Der Bescheid wird aufgehoben.
Der Bund (Bundesminister für Wirtschaft und Arbeit) ist schuldig, der Beschwerdeführenden Gesellschaft zu Handen ihres Rechtsvertreters die mit 2.340 € bestimmten Prozesskosten binnen vierzehn Tagen bei sonstiger Exekution zu erstatten.
Begründung
Entscheidungsgründe:
I. Mit dem angefochtenen Bescheid wird der beschwerdeführenden Gesellschaft für den mit einem Nachprüfungsantrag (§162 Abs2 Z2 BVergG 2002) betreffs eines Lieferauftrags im Sinne des §2 BVergG 2002 (mit einem geschätzten Auftragswert von 2,1 Mio €) gestellten Antrag auf Erlassung einer einstweiligen Verfügung (§171 Abs1 BVergG 2002) eine Pauschalgebühr von (weiteren) 1600 € vorgeschrieben.
Gegen diese Vorschreibung wendet sich die vorliegende Beschwerde, in der die Gesetzwidrigkeit der Pauschalgebührenverordnung und die Gleichheitswidrigkeit der Gebührenvorschreibung gerügt und darüber hinaus die Verfassungswidrigkeit des Pauschalgebührensystems behauptet wird.
Aus Anlass dieser Beschwerde leitete der Verfassungsgerichtshof gemäß Art139 Abs1 undArt140 Abs1 B-VG von Amts wegen Verfahren zur Prüfung der Gesetzmäßigkeit der Wortfolge "Liefer- und Dienstleistungsaufträge ... 1600 €" in der letzten Zeile des §1 der Verordnung der Bundesregierung betreffend die Gebühren für die Inanspruchnahme des Bundesvergabeamtes, BGBl. II Nr. 324/2002, sowie zur Prüfung der Verfassungsmäßigkeit der Wortfolge ", 171 Abs1" in §177 Abs1 und der Wortfolge "Liefer- und Dienstleistungsaufträge ..." in der letzten Zeile des Anhanges X jeweils des Bundesvergabegesetzes, BGBl. I Nr. 99/2002 (G124/06, V44/06) ein.
Mit Erkenntnis vom heutigen Tag, G124/06, V44/06, stellte er die Verfassungswidrigkeit der Wortfolge ", 171 Abs1" in §177 Abs1 und der Wortfolge "Liefer- und Dienstleistungsaufträge ..." in der letzten Zeile des Anhanges X jeweils des Bundesvergabegesetzes in der Fassung BGBl.
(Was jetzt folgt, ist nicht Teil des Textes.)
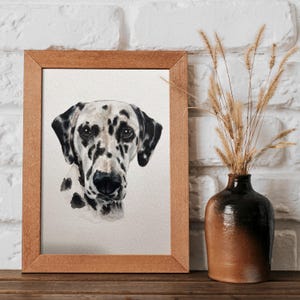 Custom Watercolor Pet Portraits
I Nr. 99/2002 und die Gesetzwidrigkeit der Verordnung der Bundesregierung betreffend die Gebühren für die Inanspruchnahme des Bundesvergabeamtes, BGBl. II Nr. 324/2002 fest.
II. Die belangte Behörde hat ein verfassungswidriges Gesetz und eine gesetzwidrige Verordnung angewendet. Es ist nach Lage des Falles offenkundig, dass ihre Anwendung für die Rechtsstellung des Beschwerdeführers nachteilig war.
Der beschwerdeführende Gesellschaft wurde folglich durch den angefochtenen Bescheid wegen Anwendung eines verfassungswidrigen Gesetzes und einer gesetzwidrigen Verordnung in ihren Rechten verletzt (zB VfSlg. 10.303/1984, 10.515/1985).
Der Bescheid ist daher ohne mündliche Verhandlung in nichtöffentlicher Sitzung aufzuheben (§19 Abs4 Z3 VfGG).
Die Kostenentscheidung beruht auf §88 VfGG. In den zugesprochenen Kosten ist Umsatzsteuer in der Höhe von 360 € sowie eine Eingabengebühr gemäß §17a VfGG in der Höhe von 180 € enthalten.